SUPPLIED DATA ->
○ ○ ○ ○ ○
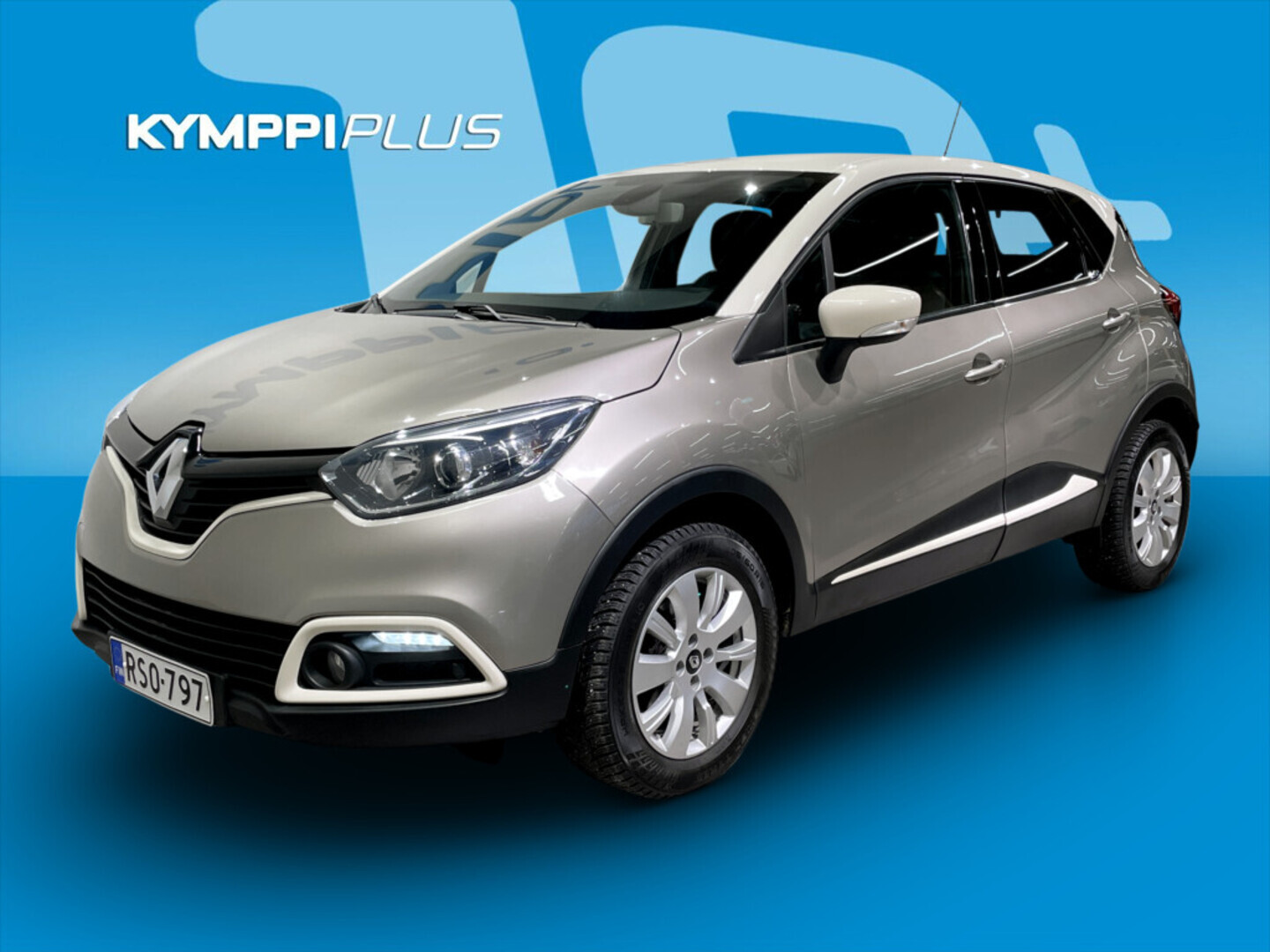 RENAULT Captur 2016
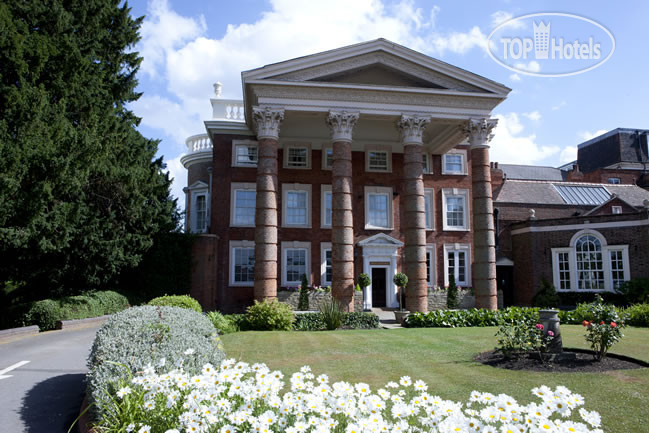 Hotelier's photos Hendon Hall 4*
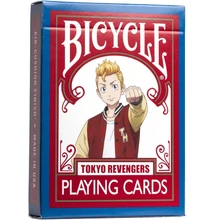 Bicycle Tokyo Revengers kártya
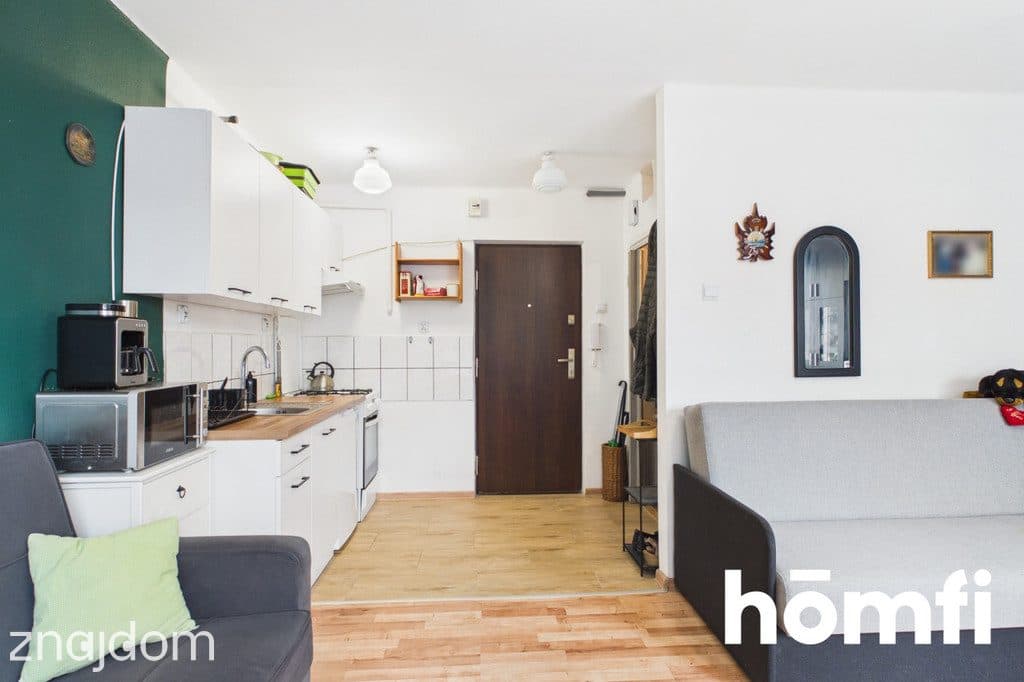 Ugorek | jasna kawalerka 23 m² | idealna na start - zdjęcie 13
○ ○ ○ ○ ○
WHAT YOU HAVE TO DO ->
Only the lines from the one with "Bicycle Tokyo Revengers kártya" to the last line of the listing, inclusive, are to be set down, exactly as they stand and without pictures.

OUTPUT FOR THIS EXERCISE ->
 Bicycle Tokyo Revengers kártya
 Ugorek | jasna kawalerka 23 m² | idealna na start - zdjęcie 13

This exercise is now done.